BC government expands Speculation & Vacancy Tax to more communities

Jul 20 2022, 6:04 pm

Four years after first introducing the Speculation and Vacancy Tax (SVT) to select urban areas in British Columbia, the provincial government is expanding the taxable area to six more communities on Vancouver Island and along the Sea to Sky Corridor.

This will now include North Cowichan, Duncan, Ladysmith, Lake Cowichan, Lions Bay, and Squamish. The changes will come into effect in January 2023, which means residential property owners in these communities will be required to declare and claim an exemption for the first time in January 2024.

This adds to the SVT’s existing taxable areas of Metro Vancouver, Fraser Valley, Greater Victoria, Kelowna and West Kelowna, Nanaimo, and Lantzville.

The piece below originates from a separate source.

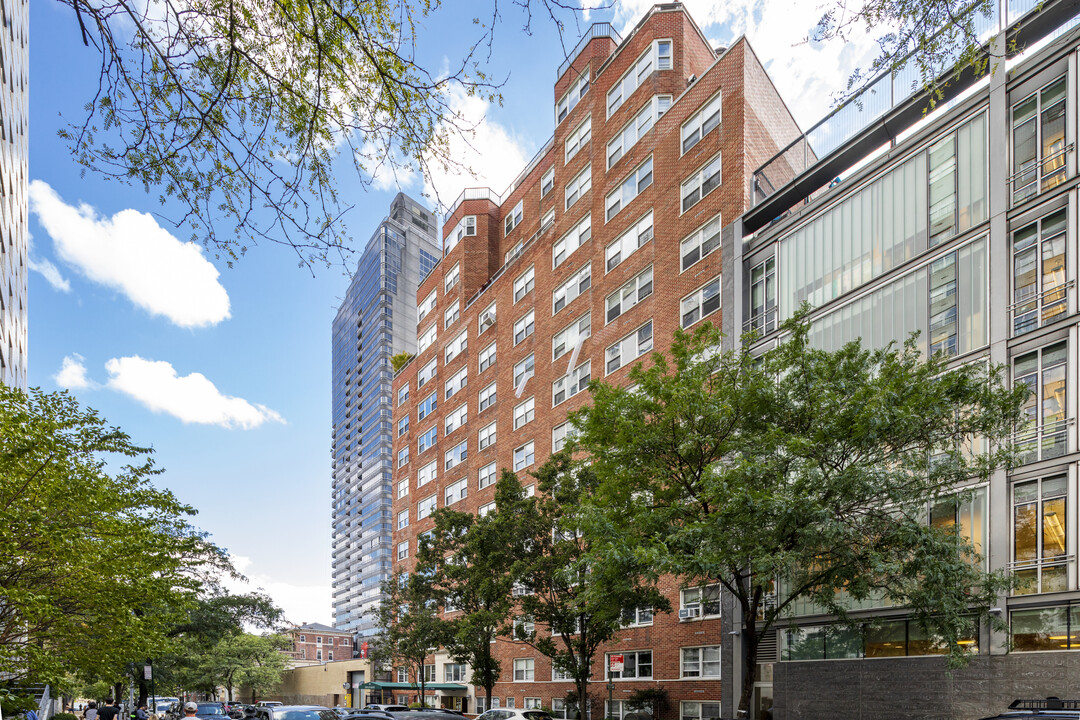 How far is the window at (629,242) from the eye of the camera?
34781 mm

“In 2018, we implemented the landmark speculation and vacancy tax that targeted speculators and quickly helped turn thousands of empty units into homes for people,” said Selina Robinson, BC Minister of Finance, in a statement.

“After careful consideration and listening to people and community leaders on speculative real estate concerns in their communities, we’re expanding the tax to these additional areas that are facing intense housing pressures.”

The expansion of the SVT was a recommendation made in a recent independent report, commissioned by the provincial government, that analyzed the tax’s impact.

The SVT rate is 0.5% of the assessed value of a home deemed vacant by Canadian citizens or permanent residents, and 2% for foreign owners and satellite families. However, the report did not suggest an increase of the tax rate until more analysis is performed on the SVT’s impacts and on the City of Vancouver’s forthcoming hike of its own separate Empty Homes Tax to 5%.

So far, according to the report, the SVT is working as intended, with the tax estimated to have encouraged the conversion of 20,000 condominium units into rental housing within Metro Vancouver between 2018 and 2020. Over the same period, across BC, the provincial government also raised about $230 million in SVT revenues for building affordable housing projects.

Over 99% of British Columbians are exempt from paying the SVT.